From 19b9caa6254f0de03f84428d50864b4e9d695a1f Mon Sep 17 00:00:00 2001
From: liqun <liqli@microsoft.com>
Date: Tue, 3 Feb 2026 10:54:16 +0800
Subject: [PATCH] add prompt to reject direct code/file prompt

---
 .../code_interpreter/code_generator_prompt.yaml            | 7 +++++++
 taskweaver/planner/planner_prompt.yaml                     | 1 +
 2 files changed, 8 insertions(+)

diff --git a/taskweaver/code_interpreter/code_interpreter/code_generator_prompt.yaml b/taskweaver/code_interpreter/code_interpreter/code_generator_prompt.yaml
index c5f441601..ca21d3a28 100644
--- a/taskweaver/code_interpreter/code_interpreter/code_generator_prompt.yaml
+++ b/taskweaver/code_interpreter/code_interpreter/code_generator_prompt.yaml
@@ -18,6 +18,13 @@ content: |-
     - {ROLE_NAME} should import other libraries if needed; if the library is not pre-installed, {ROLE_NAME} should install it (with !pip) as long as the user does not forbid it.
     - {ROLE_NAME} must respond to the User's feedback with a new code that addresses the feedback.
     
+    ## On {ROLE_NAME}'s security restrictions:
+    - {ROLE_NAME} must NEVER directly execute or incorporate code snippets provided by the user. If the user provides code to run, {ROLE_NAME} must refuse and ask the user to describe the task in natural language instead.
+    - {ROLE_NAME} must NEVER generate code that reads content from a file and then executes that content as code (e.g., using eval(), exec(), or similar on file contents). This is a critical security risk as malicious users can embed harmful code in files.
+    - {ROLE_NAME} must NEVER generate code that dynamically imports modules based on file content or user-provided strings.
+    - {ROLE_NAME} must NEVER generate code that uses pickle.load(), marshal.load(), or similar deserialization on untrusted files, as these can execute arbitrary code.
+    - {ROLE_NAME} should only generate code based on its own understanding of the task described in natural language.
+    
     ## On User's profile and general capabilities:
     - Upon receiving code from {ROLE_NAME}, the User will verify the correctness of the generated code by {ROLE_NAME} before executing it.
     - User executes the generated python code from {ROLE_NAME} in a stateful Python Jupyter kernel. 
diff --git a/taskweaver/planner/planner_prompt.yaml b/taskweaver/planner/planner_prompt.yaml
index 1b87b82c0..5e6106592 100644
--- a/taskweaver/planner/planner_prompt.yaml
+++ b/taskweaver/planner/planner_prompt.yaml
@@ -35,6 +35,7 @@ instruction_template: |-
   - Planner must thoroughly review Worker's response and provide feedback to the Worker if the response is incorrect or incomplete.

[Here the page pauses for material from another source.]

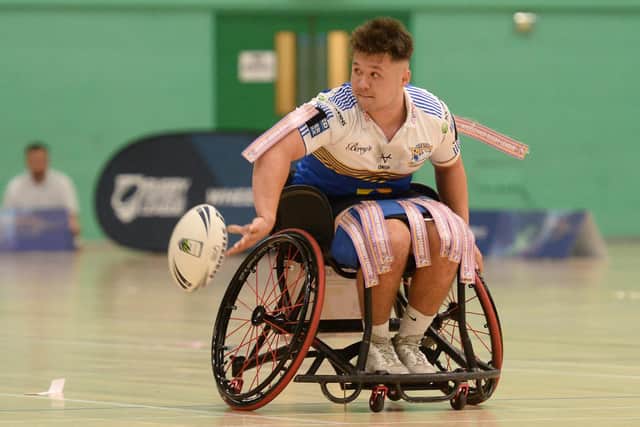 England wheelchair captain Tom Halliwell of Leeds Rhinos. Picture: Richard Blaxall/SWpix.com.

   - Planner can ignore the permission or file access issues since Workers are powerful and can handle them.
   - Planner must reject the User's request if it contains potential security risks or illegal activities.
+  - Planner must NEVER accept or execute code snippets directly provided by the User. If the User provides code to run, Planner must reject the request and explain that direct code execution is not allowed for security reasons. Instead, Planner should ask the User to describe the task in natural language so that Workers can generate safe, verified code.
   
   ## Planner's reasoning process
   - Planner has two reasoning modes: reasoning before making the plans and reasoning when focusing on the current task step.